**Material provided**
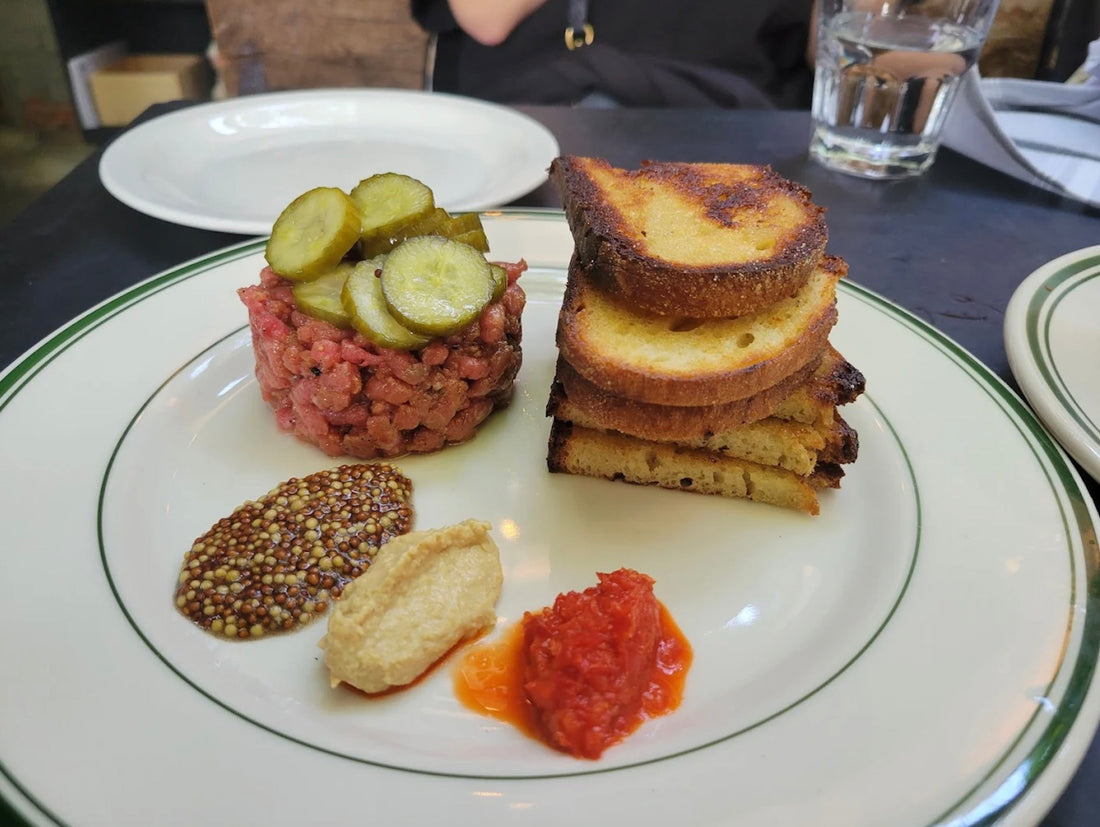 The Date Spots Toronto Girls Gatekeep (But We're Sharing Anyway)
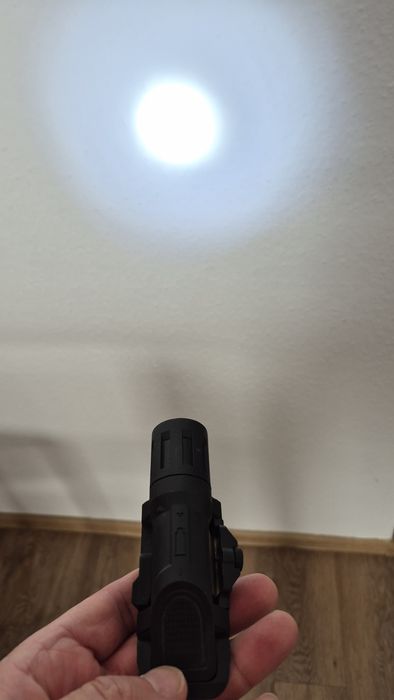 Latarka taktyczna asg militaria na szynę ris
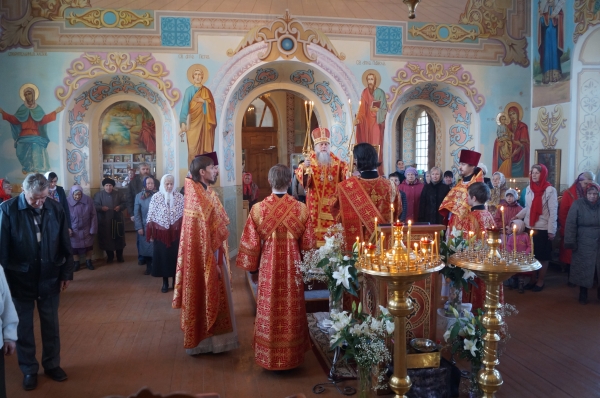 В понедельник Светлой седмицы епископ Василий совершил Божественную литургию в храме Владимирской иконы Божией Матери г. Котлас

**What you have to do**
Working from the listing above, retype it exactly but include no images.

**Task output**
 The Date Spots Toronto Girls Gatekeep (But We're Sharing Anyway)
 Latarka taktyczna asg militaria na szynę ris
 В понедельник Светлой седмицы епископ Василий совершил Божественную литургию в храме Владимирской иконы Божией Матери г. Котлас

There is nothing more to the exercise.